- Born: August 16, 1927 Karbala, Iraq
- Died: July 11, 2019 (aged 91) Houston, Texas, US
- Awards: Pfizer Award in Enzyme Chemistry (1967) Bristol-Myers Squibb Award for Distinguished Achievement in Metabolic Diseases Research (2005)

Academic background
- Education: BSc, chemistry, 1948, American University of Beirut PhD, biochemistry, 1952, University of Washington
- Thesis: Biosynthesis of labeled ergosterol from isotopic acetate. The origin of some of the carbon atoms of the side chain of ergosterol (1952)

Academic work
- Institutions: Baylor College of Medicine Duke University University of Wisconsin–Madison
- Main interests: fatty acid oxidation

= Salih J. Wakil =

American biochemist (1927–2019)

Salih Jawad Wakil (صالح جواد الوكيل; August 16, 1927 – July 11, 2019) was an American biochemist. Wakil's laboratory discovered both Acetyl CoA Carboxylase and Fatty Acid Synthetase.

==Early life==
Wakil was born on August 16, 1927, in Karbala, Iraq to a shoemaker. After scoring in the top 5 on the national baccalaureate exam of Iraq, Wakil earned a scholarship to the American University of Beirut. Upon graduating in 1948 with a degree in chemistry, he emigrated to the United States to earn his PhD in biochemistry from the University of Washington. Upon completing his PhD, Wakil became a research associate at the Institute for Enzyme Research at the University of Wisconsin–Madison (UWM), where his research into fatty acid metabolism began.

==Career==
During his short tenure at UWM, Wakil conducted experiments that led to the finding that fatty acids are synthesized by a pathway distinct from the reverse of their oxidation.
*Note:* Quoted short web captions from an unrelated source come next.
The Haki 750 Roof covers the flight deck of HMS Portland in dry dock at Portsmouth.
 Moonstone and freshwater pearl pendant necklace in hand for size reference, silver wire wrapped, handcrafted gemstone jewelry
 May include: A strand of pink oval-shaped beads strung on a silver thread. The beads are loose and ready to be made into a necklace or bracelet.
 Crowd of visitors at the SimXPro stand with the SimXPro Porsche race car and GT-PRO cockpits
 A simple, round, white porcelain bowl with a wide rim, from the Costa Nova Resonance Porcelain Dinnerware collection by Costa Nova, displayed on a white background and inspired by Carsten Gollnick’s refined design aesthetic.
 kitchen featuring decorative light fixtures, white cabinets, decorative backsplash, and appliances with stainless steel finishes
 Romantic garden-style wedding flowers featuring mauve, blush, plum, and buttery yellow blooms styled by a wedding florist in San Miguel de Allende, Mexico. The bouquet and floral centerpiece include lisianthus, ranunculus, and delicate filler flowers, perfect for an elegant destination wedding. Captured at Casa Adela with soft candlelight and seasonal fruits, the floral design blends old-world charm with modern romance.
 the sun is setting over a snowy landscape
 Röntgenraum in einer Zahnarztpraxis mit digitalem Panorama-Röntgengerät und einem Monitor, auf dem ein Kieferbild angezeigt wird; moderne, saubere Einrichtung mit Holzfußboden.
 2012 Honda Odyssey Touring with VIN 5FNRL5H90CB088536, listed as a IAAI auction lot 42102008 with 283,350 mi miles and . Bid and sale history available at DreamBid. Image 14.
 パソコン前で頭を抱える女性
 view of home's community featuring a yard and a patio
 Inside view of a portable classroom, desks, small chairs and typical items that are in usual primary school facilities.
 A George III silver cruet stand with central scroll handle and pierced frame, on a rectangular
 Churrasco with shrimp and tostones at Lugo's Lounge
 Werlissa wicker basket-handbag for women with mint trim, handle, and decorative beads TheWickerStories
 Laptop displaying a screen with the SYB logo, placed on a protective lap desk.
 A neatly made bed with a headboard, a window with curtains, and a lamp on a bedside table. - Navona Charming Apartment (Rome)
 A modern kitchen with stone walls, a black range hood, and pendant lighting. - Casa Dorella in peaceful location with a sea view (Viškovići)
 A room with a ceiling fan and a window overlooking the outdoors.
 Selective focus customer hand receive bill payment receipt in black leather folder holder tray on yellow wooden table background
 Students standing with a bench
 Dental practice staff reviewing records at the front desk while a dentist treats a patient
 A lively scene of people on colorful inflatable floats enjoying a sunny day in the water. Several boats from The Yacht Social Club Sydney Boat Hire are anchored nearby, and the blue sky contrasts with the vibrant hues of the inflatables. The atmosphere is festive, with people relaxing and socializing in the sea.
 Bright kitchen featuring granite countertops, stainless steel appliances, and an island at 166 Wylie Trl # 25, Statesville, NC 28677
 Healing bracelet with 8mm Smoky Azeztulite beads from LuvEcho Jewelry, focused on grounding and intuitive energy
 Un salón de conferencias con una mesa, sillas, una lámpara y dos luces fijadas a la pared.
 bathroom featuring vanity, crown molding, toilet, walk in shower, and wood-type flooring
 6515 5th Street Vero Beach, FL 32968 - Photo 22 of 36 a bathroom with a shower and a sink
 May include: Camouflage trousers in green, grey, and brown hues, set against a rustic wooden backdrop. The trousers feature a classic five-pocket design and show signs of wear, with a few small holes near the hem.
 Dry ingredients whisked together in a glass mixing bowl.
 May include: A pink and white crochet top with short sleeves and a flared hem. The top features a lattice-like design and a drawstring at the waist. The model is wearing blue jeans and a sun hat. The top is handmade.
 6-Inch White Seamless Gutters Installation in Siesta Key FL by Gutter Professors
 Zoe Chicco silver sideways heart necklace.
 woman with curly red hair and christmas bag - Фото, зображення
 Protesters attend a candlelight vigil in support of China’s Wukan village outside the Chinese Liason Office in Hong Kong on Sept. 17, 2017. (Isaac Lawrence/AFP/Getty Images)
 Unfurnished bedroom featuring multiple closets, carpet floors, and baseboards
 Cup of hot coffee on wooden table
In 1958, he was the first to isolate the intermediate in the synthesis of long-chain fatty acids from acetic acid. His laboratory also discovered both Acetyl CoA Carboxylase and Fatty Acid Synthetase, the two key enzymes of fatty acid synthesis. Wakil eventually left UWM in the same year to join the biochemistry department at Duke University.

While at Duke, Wakil identified individual enzymes forming the pathways for fatty acid synthesis in Escherichia coli. As a result of his "pioneering work in determining the structure and function of the enzymes which govern the synthesis of fatty acids in the body," he was the co-recipient of the 1967 American Chemical Society's Pfizer Award in Enzyme Chemistry. Following this, Wakil was named the winner of a John Simon Guggenheim Memorial Foundation Fellowship to study the biological function of membranes and the Life Insurance Medical Research Fund grant to study the body's production of fats.

Wakil eventually left Duke in 1971 to become the chairman of the Verna and Marrs McLean Department of Biochemistry at Baylor College of Medicine upon being recruited by Michael E. DeBakey. In 1990, Wakil was elected a member of the National Academy of Sciences. He stepped down as chair in 2006 but continued his work and mentorship until his death on July 11, 2019. In 2010, Wakil, Motonari Uesugi, and Lutfi Abu-Elheiga, founded FGH BioTech, Inc. to develop novel technology regulating fat and energy metabolism.

==Personal life==
Wakil and his wife have four children together, who all earned medical degrees.